If you have been reading my earlier entries on Isaiah, you know to look in the surrounding chapters for context. What you will find is death and destruction, what the "Great Agnositc" Robert Ingersoll called the "ravings against kings and nations". The lectionary delivers the scattered bits of hope throughout. But should we discard the book because of the violent parts? Or should we try to imagine the world where a small tribe was trying to do right, but they were getting slaughtered. Easy for us, with our military might and police forces with assualt weapons to say how horrible God acts in the Old Testament. They fight with Egypt, then are attacked by Assyrians, then exiled by the Babylonians. When the Babylonians released them, there was no nation building, no Marshall Plan. They returned to the ruins of their kingdom and clung to nothing but hope for a better tomorrow.

Even in these passages about everlasting joy and flowers in the desert, a little smiting creeps in. In verse 4, "He will come with vengeance, with terrible recompense." We would like to think that evil can be dealt with using reason. We see diplomatic efforts and UN peace keepers and think we are civilized. Then someone from our home town dies in a fire fight, or a cruise missile goes astray of its military target, and for a little while, the horrible things that are being done in our name seem all too close. This is probably not the Christmas sermon you had in mind.

Luke 1:46b-55

This is referred to as "Mary's Song" or "The Magnificat". A good reader will read it as a poem. Mary is just a slave girl, but she is becoming the bearer of the new message. This is a bit of Luke in our Advent focusing on Matthew, so we get the mighty being brought down, the hungry being filled. It would have been a better story if those things had actually happened but, like I did with Isaiah above, I'm not going to throw this poem out just for that. If we look at Christian nations today, some of them are the richest nations on earth. Some of them did figure out how to give more power to their people and to get rid of thrones. Some of them are working on feeding the hungry although there are many lessons yet to learn.

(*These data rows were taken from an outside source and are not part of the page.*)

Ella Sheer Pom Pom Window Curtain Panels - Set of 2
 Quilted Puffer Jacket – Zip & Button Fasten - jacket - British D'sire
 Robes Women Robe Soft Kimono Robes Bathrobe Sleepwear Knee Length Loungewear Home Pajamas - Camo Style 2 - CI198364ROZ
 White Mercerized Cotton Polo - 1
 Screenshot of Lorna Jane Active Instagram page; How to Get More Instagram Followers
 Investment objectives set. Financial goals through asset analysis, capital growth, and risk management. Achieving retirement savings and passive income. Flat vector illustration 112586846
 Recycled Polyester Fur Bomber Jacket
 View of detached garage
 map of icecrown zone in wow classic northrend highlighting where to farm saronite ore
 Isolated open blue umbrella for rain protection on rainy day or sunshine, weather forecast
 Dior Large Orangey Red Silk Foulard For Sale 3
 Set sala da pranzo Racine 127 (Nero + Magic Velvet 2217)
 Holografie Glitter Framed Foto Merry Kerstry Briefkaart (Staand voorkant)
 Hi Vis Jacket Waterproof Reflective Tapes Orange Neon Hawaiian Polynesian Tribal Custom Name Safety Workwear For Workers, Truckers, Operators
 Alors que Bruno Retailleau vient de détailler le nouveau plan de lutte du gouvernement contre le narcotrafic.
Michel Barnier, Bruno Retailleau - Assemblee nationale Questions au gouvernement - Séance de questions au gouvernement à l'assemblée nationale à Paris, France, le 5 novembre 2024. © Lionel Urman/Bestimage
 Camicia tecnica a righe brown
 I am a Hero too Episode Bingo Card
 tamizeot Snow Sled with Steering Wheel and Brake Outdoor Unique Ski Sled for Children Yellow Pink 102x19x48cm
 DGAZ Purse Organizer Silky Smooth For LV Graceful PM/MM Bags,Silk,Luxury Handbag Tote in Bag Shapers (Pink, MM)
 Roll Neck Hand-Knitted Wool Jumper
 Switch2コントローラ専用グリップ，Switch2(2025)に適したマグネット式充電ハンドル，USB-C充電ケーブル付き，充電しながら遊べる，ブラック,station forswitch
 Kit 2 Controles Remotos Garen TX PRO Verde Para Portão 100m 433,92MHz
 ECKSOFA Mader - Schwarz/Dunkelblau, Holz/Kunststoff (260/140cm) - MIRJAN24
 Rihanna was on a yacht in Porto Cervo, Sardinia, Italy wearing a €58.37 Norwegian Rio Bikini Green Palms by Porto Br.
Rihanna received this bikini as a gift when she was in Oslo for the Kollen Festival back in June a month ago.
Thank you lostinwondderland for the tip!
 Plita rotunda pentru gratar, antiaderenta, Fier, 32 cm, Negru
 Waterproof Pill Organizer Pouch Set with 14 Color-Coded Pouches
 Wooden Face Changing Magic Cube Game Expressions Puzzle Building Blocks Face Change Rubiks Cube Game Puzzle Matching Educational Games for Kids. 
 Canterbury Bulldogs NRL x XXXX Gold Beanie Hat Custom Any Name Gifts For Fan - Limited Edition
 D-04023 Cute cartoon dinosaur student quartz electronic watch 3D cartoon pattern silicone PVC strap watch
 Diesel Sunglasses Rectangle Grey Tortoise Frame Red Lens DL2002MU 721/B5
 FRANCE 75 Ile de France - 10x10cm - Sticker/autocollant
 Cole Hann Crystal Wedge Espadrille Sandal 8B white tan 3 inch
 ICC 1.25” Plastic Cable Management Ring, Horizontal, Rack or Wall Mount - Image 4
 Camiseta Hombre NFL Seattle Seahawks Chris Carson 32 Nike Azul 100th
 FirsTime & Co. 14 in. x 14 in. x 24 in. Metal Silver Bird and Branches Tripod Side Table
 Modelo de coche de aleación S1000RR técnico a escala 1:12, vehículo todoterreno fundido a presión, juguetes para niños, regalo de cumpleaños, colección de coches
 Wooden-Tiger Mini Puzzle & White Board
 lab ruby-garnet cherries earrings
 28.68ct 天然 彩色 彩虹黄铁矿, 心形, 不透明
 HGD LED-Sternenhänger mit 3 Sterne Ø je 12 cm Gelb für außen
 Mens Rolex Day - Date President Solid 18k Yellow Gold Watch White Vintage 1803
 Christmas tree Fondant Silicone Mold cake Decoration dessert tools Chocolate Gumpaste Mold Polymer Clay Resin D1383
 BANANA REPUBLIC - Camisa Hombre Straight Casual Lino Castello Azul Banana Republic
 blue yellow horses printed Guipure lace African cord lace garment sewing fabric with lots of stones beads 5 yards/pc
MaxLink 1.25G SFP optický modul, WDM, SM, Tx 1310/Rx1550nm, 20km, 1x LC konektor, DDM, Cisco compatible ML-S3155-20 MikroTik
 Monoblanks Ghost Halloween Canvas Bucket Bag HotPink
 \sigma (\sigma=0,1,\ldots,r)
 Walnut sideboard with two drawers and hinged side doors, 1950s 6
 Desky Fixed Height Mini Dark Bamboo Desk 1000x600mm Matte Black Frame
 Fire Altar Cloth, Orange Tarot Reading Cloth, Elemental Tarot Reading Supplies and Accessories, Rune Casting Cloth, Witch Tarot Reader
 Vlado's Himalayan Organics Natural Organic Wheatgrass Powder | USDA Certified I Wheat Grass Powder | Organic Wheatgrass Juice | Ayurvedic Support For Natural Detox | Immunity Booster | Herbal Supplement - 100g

Has all of this mercy been done from generation to generation, out of fear? Has it been done solely for one nation and for people of certain ancestry? Some would say so, but I think they have a hard case to make. Those things are done by non-Christians for a variety of reasons on a regular basis. Just as often, proclamations like this, of the social order being overturned, get twisted. The male priests turn Mary back into a submissive woman. Do we throw out the song of hope because some guys screwed it up? Or do we do like John the Baptist from last week and reclaim the high ground?

Matthew 11:2-11

The parrallel shown here is Jesus claiming that the things Isaiah predicted are actually happening. This is standard literary technique. Matthew will later portray Jesus as a new Moses. Matthew also deals with the questions of belief, even John the Baptist, the one who is a messenger coming before the Messiah, is having doubts. This is a reflection of the entire Israelite nation having trouble accepting the idea. Matthew was written sometime around AD 80 and gentiles were accepting the idea of Jesus more than Jews.

The final verse, about the least being greater is somewhat of a turn to this passage, but it fits with the overall theme, or at least one of them. It's one of the things I think the New Testament does well, always remembering the "least". Other moral systems and philosophies also acknowledge them, but usually not as explicitly. The idea of a social contract says those who benefit greatly from the advantages they were given have an obligation to ensure others have those same advantages. No one actually pulls themselves up by their own bootstraps. No one is "self-made". If you break the contract and only take without giving, those you take from are no longer bound by the contract. That's when revolutions happen. These 1st century Jews attempted a peaceful version of that revolution. They were partially successful, and we can learn from that.